The British version of the two-disc DVD contains two additional deleted scenes. In the first, Jesus meets the women of Jerusalem (at the eighth station of the cross) and falls to the ground as the women wail around him, and Simon of Cyrene attempts to hold up the cross and help up Jesus simultaneously. Afterwards, while both are holding up the cross, Jesus says to the women weeping for him, "Do not weep for me, but for yourselves and for your children". In the second, Pilate washes his hands, turns to Caiaphas, and says: "Look you to it" (i.e., the Pharisees wish to have Jesus crucified). Pilate then turns to Abanader and says: "Do as they wish". The scene next shows Pilate calling to his servant, who is carrying a wooden board on which Pilate writes, "Jesus of Nazareth, the King of the Jews", in Latin and Hebrew. He then holds the board above his head in full view of Caiaphas, who after reading it challenges Pilate on its content. Pilate replies angrily to Caiaphas in non-subtitled Hebrew. The disc contains only two deleted scenes in total.
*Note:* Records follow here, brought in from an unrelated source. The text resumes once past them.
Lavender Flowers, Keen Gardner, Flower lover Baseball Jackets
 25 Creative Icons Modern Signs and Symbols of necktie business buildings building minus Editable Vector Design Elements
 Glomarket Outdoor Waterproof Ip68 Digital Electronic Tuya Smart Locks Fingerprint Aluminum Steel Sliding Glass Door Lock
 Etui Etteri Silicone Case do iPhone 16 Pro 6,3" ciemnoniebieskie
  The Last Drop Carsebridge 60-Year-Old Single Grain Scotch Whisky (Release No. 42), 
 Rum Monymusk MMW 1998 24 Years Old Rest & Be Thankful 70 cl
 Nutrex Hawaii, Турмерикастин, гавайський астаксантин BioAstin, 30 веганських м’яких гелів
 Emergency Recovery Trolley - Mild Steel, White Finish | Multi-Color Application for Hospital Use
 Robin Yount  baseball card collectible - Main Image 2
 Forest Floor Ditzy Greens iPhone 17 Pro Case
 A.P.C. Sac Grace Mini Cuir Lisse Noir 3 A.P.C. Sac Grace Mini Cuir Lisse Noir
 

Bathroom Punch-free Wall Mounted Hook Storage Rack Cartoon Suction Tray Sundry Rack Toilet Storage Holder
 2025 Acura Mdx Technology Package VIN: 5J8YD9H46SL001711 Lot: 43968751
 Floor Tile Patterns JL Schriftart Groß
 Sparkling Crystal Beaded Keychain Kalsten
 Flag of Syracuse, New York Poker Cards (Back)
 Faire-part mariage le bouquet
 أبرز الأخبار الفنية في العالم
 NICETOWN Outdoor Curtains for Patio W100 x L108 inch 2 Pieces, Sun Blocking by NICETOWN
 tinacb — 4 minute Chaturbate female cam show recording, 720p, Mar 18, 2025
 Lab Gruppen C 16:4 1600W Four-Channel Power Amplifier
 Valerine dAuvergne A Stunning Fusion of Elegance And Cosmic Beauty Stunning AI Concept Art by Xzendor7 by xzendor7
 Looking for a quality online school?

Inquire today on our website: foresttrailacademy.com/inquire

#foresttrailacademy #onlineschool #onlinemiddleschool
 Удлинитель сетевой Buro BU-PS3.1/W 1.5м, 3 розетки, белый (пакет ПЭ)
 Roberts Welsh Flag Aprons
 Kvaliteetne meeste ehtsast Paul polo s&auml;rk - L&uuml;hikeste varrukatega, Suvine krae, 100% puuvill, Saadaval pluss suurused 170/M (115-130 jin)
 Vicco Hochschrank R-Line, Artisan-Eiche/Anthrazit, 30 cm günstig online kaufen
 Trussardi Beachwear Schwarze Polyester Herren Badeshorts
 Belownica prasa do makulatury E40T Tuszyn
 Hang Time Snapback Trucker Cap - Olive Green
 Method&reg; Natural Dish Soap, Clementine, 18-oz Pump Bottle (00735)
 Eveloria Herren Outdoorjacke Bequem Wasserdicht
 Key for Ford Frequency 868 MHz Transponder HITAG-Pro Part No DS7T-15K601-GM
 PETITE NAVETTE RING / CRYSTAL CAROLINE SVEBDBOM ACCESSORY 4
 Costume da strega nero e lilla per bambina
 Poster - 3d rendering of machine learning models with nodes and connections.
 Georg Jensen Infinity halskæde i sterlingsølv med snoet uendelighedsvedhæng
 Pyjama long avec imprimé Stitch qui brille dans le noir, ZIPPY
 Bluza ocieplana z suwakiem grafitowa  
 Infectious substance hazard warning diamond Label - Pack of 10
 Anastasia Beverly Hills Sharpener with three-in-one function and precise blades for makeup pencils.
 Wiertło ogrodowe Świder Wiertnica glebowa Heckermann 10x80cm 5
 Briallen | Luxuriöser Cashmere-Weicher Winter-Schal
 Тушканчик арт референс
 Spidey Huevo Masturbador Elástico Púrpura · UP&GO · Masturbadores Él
No other scenes from the movie are shown on disc 2.[71]

On February 7, 2017, 20th Century Fox re-released the film on Blu-ray and DVD featuring the theatrical version and the edited version (The Passion Recut), where the graphic violence is reduced. The theatrical version features English and Spanish dubs;[72] this marks the first time the film has ever been dubbed in another language.

Television broadcast

On April 17, 2011 (Palm Sunday), Trinity Broadcasting Network (TBN) presented the film at 7:30 p.m. ET/PT, with multiple showings scheduled. The network has continued to air the film throughout the year, and particularly around Easter.[73]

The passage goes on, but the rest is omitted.